TL;DR: XRT sorting can convert part of waste rock into lower-risk, potentially usable material and reduce tailings pressure—but only where test work confirms performance and compliance pathways are clear.

FAQ

Q: What is sensor-based sorting in mining, and what does XRT mean?

A: Sensor-based sorting is a process where individual rocks on a conveyor are measured by sensors and separated into different streams using fast ejection. XRT stands for X-ray transmission, a method that measures how X-rays pass through each particle to infer internal density/composition differences—often useful for distinguishing sulphide-rich or ore-bearing particles from lower-density host rock.

Q: What steps are involved in implementing an XRT sorting system?

A: A typical implementation includes (1) sampling and characterization (mineralogy, sulphur/ARD indicators, size distribution), (2) laboratory-scale sorting tests and geochemical validation (e.g., ABA/NAG for NAF/PAF classification), (3) pilot trials to quantify recovery, mass rejection, and variability, (4) process engineering to integrate screens/conveyors and define where sorting sits relative to primary/secondary crushing or pebble circuits, and (5) commissioning and ramp-up with QA/QC (calibration, maintenance routines, and product compliance testing).

Q: What throughput ranges can XRT sorting handle, and can it scale for large mines?

A: Throughput depends on machine width, particle size range, and required separation efficiency. Industrial systems are commonly deployed in modular configurations, where multiple sorters operate in parallel to meet higher tonnage targets. The practical limit is often upstream screening capacity, stable belt loading/presentation, and how much of the mine feed is routed through the sorting size fraction.

Q: How do mines classify non-acid forming (NAF) vs potentially acid forming (PAF) waste rock in practice?

A: Mines usually use multiple lines of evidence, including total sulphur or sulphide sulphur, Acid Base Accounting (ABA), Net Acid Producing Potential (NAPP), and Net Acid Generation (NAG) tests, sometimes supported by kinetic tests. Indicative sulphur thresholds (e.g., <~0.3 wt% as lower risk and >~0.5–1.0 wt% as higher risk) may be used as screening tools, but final classification typically requires site-specific validation and regulatory alignment.

Q: What regulatory and permitting considerations apply when reusing mine waste rock as aggregate?

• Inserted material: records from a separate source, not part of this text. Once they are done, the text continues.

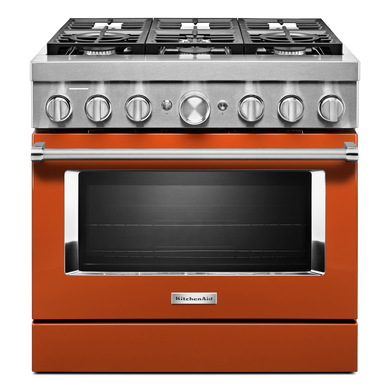 Cuisinière commerciale intelligente bicombustible KitchenAid®, 6 brûleurs, 36 po KFDC506JSC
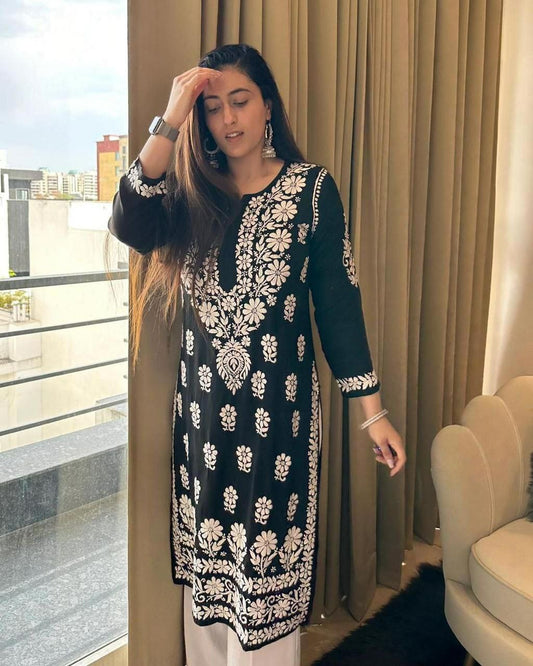 Stlish Black Cotton Kurti For Women
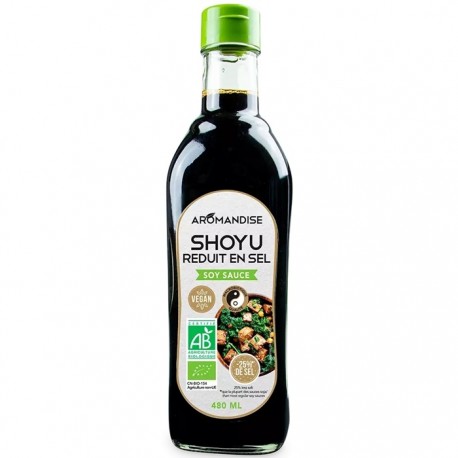 Sos de soya Shoyu cu continut redus de sare bio 480 ml Aromandise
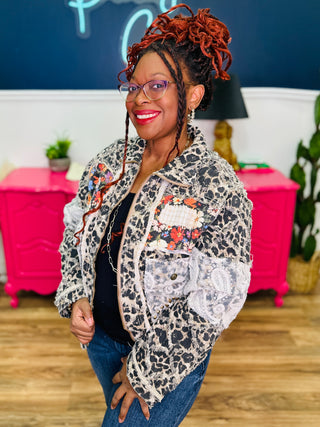 POL Long Sleeve Patchwork Jacket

A: Requirements vary by jurisdiction, but typically include demonstrating environmental suitability (e.g., leach behavior, sulphide/metal content, placement controls) and meeting construction material specifications via geotechnical testing (e.g., abrasion/strength/gradation). Off-site sale often triggers additional product compliance obligations and documentation. Mines generally need a documented QA/QC program and may require regulator engagement before large-scale deployment.